The Winged Wheelers were looking to become the first team from outside of Ontario to raise the Grey Cup trophy.

===Regina Roughriders===
Regina were just as dominant as Montreal during the regular season and playoffs. They dispatched the Winnipeg St.John's 47–5 in the Western Semi-Finals, and then beat the Calgary Altomahs-Tigers 26–2 in the West Final.

There was a considerable pressure on the Roughriders team heading into the contest. This was the fourth straight year that they voyaged East to challenge for the Grey Cup, losing the three previous occasions (scoring a disappointing nine points in those games).

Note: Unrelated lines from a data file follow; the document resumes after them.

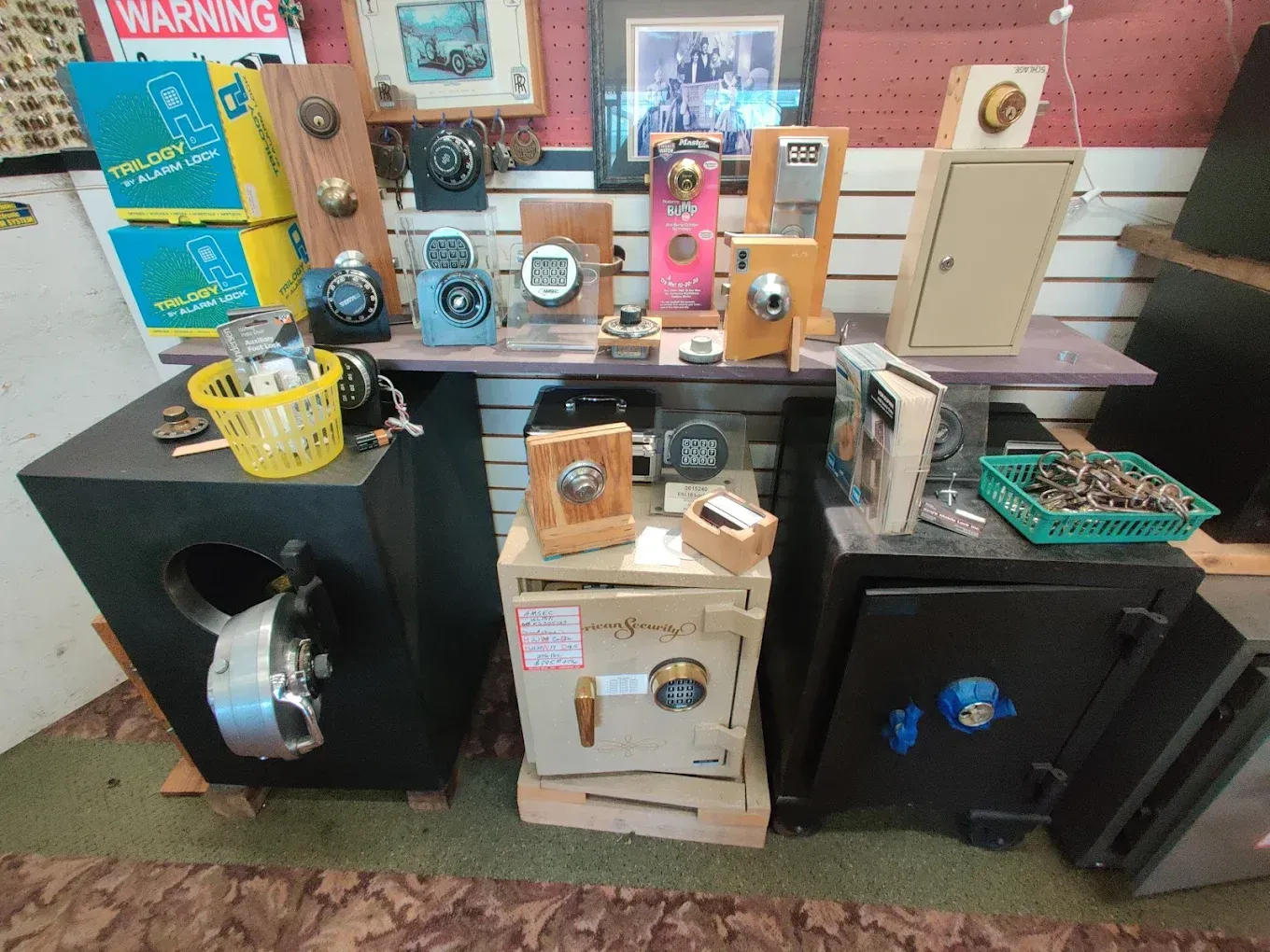 Antique locks and safes in various shapes, sizes, and colors displayed on shelves and wooden structures.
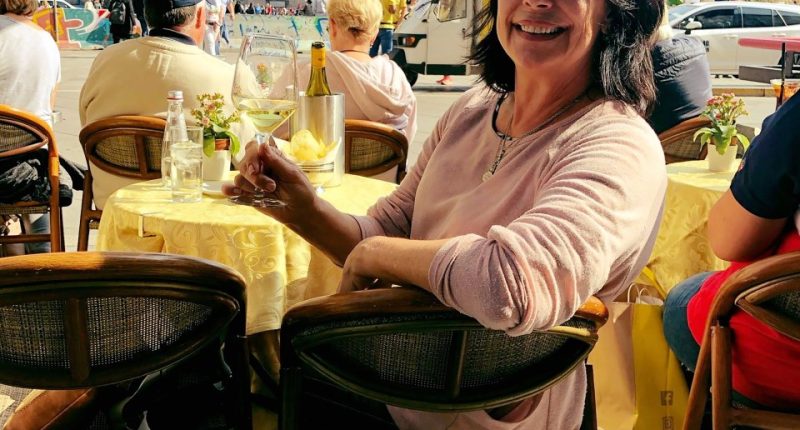 Woman sitting at an outdoor cafe in Milan, Italy, with a glass of white wine.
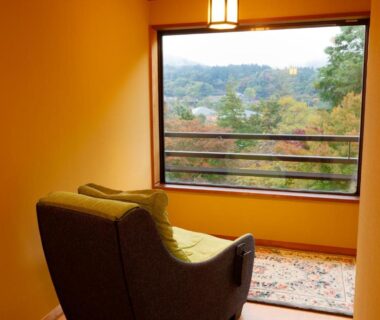 Armchair facing window with wooded hillside view at Nikko Hoshino Yado, Tochigi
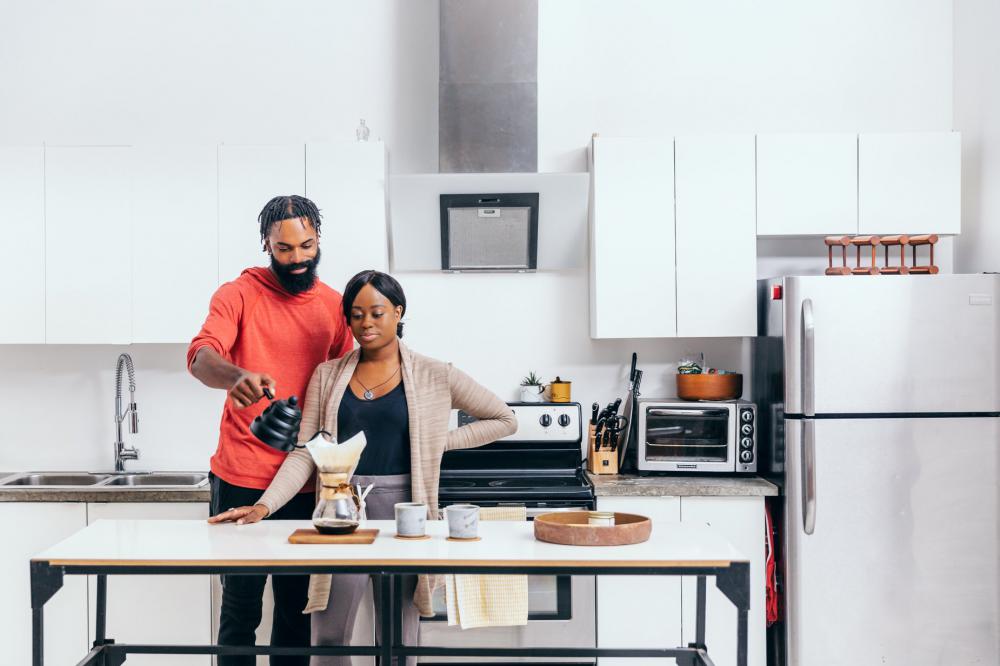 Pouring Coffee In A Bright White Kitchen Photo Pouring Coffee In A Bright White Kitchen Photo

They did not fare much better at the fourth time of asking.

==Pre-game==
There was controversy during the week leading up to the game. The Canadian Rugby Union named Howie Milne as the head official for the matchup. However, Montreal's management took exception to the selection, as Milne was from Regina and even rode the train with the Roughriders team to Montreal. Moreover, Milne had played for the Roughriders up until 1928. This was the first time a western referee had ever been selected to preside over a Grey Cup game. Montreal launched a protest, and the union relented, naming Joe O'Brien as the head referee the night before the game. Milne was moved to umpire, while Tom Barton was appointed as the head linesman.

The game was played in some of the worst conditions in Grey Cup history. During the evening prior to kickoff, there was a heavy snowstorm, leaving large ice patches on the field. With the turf rock hard, the game kicked off with the temperature hovering around −9 °C.

The weather did little to help attendance, as a disappointing 5,112 fans turned out to Percival Molson Memorial Stadium.

With the turf in dismal condition, Fred Wilson, the manager of the Roughriders, organized for pairs of lacrosse shoes to be sent to his team. The shoes somehow found their way into the Montreal dressing room, meaning that the visiting team had unintentionally supplied their opponents with excellent footwear for the icy conditions.

Unbeknownst to Wilson, Regina head coach Al Ritchie had employed a Montreal shoemaker to attach leather cleats to the Roughriders' shoes. However, Ritchie's plan was foiled by the snowstorm, meaning that the Winged Wheelers had a major advantage out of the gate because of their footwear.

== Game summary ==

Montreal opened the scoring on their first possession of the game, with Wally Whitty kicking the ball out for a deadline point. Before teams struggled in the miserable conditions until midway through the quarter. Regina's Eddie James fumbled a snap on his own 35-yard line, and Pete Jotkus dribbled on the ball into the end zone. Huck Welch kicked the convert, and Montreal held a 7–0 lead.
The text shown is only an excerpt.